El pleno se celebró entre el 8 y 9 de marzo, pero la sustancia se tramitó en la sesión de tarde del primer día. La matinal había dictaminado justo hasta el artículo 26, y las posiciones de la Comisión se habían proyectado casi miméticamente, eso sí, con un nivel doctrinal y argumental que sería fácil echar de menos hoy. Entonces fue el fin de sesión y el encuentro con Simón que refiero al inicio de este artículo. Al poco se sumó Solé Tura, que, puesto al corriente del rumor, mostró una extrañeza no inferior a la nuestra. Pero las sorpresas no se hicieron esperar. Reiniciada la sesión, al llegar al artículo de marras, el diputado canario y portavoz socialista Fajardo Spínola pide sorpresivamente la palabra. El presidente le advierte que procede solo para la defensa del dictamen. “Por supuesto, señor presidente”. Pura argucia, porque su interés radicaba en mostrar que eran los primeros en aceptar las buenas razones de la enmienda comunista y que estaban dispuestos a liderar su aprobación. Después de circunloquios y perífrasis, anunció solemnemente que su grupo votaría a favor de la enmienda, desdiciéndose de meses de defensa del alcalde hibrido. La UCD (tengo todavía hoy la borrosa impresión de que fueron los primeros en cambiar de criterio) reclamó de inmediato otro turno de defensa del proyecto. Manuel Núñez dibujó nuestra enmienda como epítome de equilibrios, obra maestra del eclecticismo, ejemplo sin par del mejor consenso entre sistemas diversos. O poco menos. Todo, sin duda, para anunciar, por supuesto, su entusiasta adhesión a la enmienda comunista. El presidente del Congreso se vio en el trance de reconocer que había sido el más paradójico turno de defensa de un dictamen que le había tocado presidir. A partir de ese punto ya nada cambió.

Felizmente el nuevo alcalde, el que hasta ahora conocemos, se aprobó en el pleno por 303 votos a favor, 3 en contra, 5 abstenciones y 1 nulo. Luego pasó sin modificaciones por el Senado y de ahí al BOE del 21 de julio y, casi sin darnos cuenta, la fórmula ha elegido alcaldes en ocho mil municipios en cada una de las once elecciones locales habidas desde entonces.

(Animo a quienes sigan sintiendo regusto por otra manera de hacer política a acceder a audio de ese pleno, que pueden encontrar pulsando sesión 1 y sesión 2).
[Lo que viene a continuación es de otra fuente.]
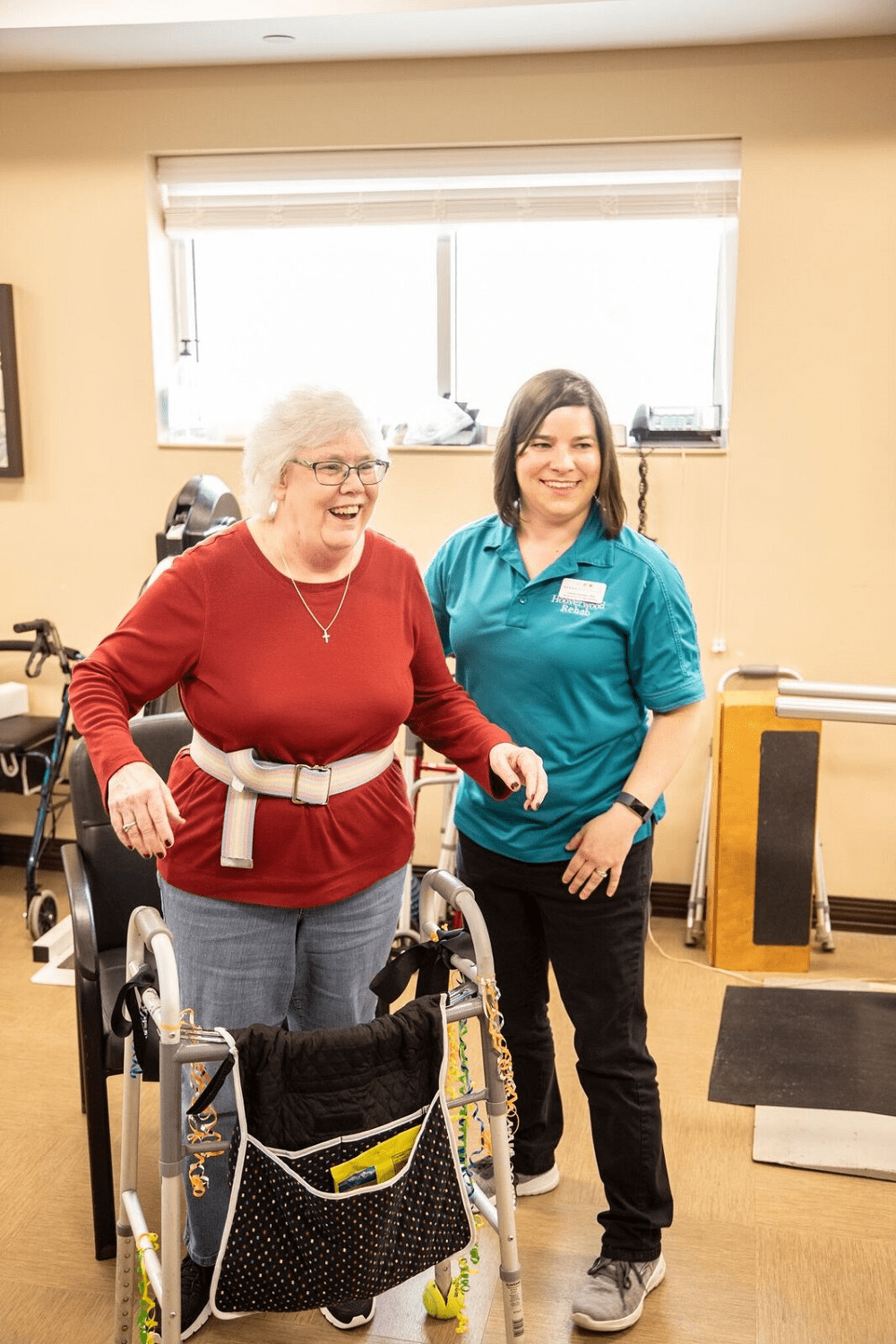 A therapist assists an elderly woman during a physical therapy session.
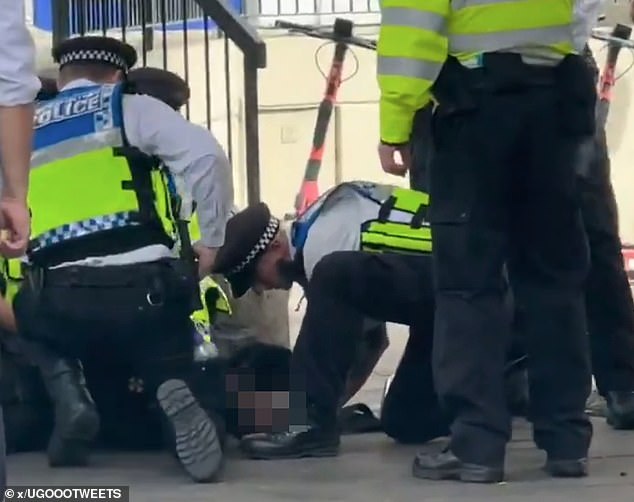 Officers removed what looked to be a balaclava from the boys face and held him down, kneeling on his legs and back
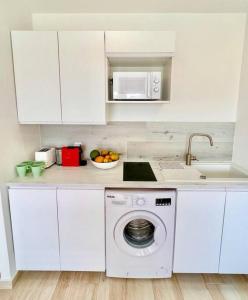 a white kitchen with a washing machine and a sink at Maracuja 17, Orient Bay village, walkable beach at 100m in Orient Bay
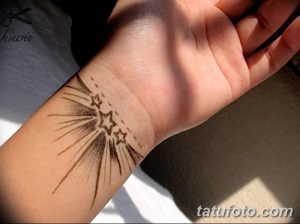 Фотография татуировки на запястье, изображающей звезду, состоящую из тонких линий, расходящихся в разные стороны. Дизайн выполнен в технике лайнуорк.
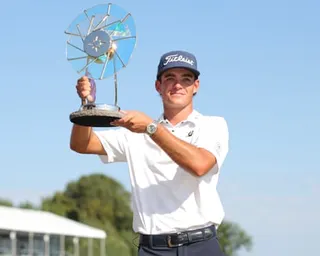 Jackson Koivun holds the trophy after winning the 3M Open golf tournament in Blaine, Minnesota.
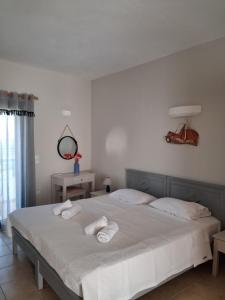 a bedroom with a large bed with towels on it at Elia Studios in Palekastron +50 photos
Aprender de la historia, nunca repetirla

¿Qué es lo que pretendemos?”, se preguntaba Solé Tura en su explicación de voto. “¿Hacer funcionar en este país una democracia a nivel municipal o satisfacer los intereses de unos determinados grupos políticos?”. La cuestión central no era otra y la Política, así con mayúscula, la resolvió. La representación de las corporaciones locales reclama todavía muchas y prioritarias mejoras, incluyendo medidas contra el transfuguismo y la corrupción. Pero no parece estar entre ellas el sistema elección de alcalde, salvo para chamanes de ocasión. Muchos de los nuevos demócratas de siempre, a los que hoy no mueve sino un interés oportunista en el más mezquino de los sentidos, sonrojarían al leer lo que defendieron y pactaron sus mayores. Pero hoy los tiempos de esa Política no solo han cambiado: algunos están empeñados en que desaparezcan.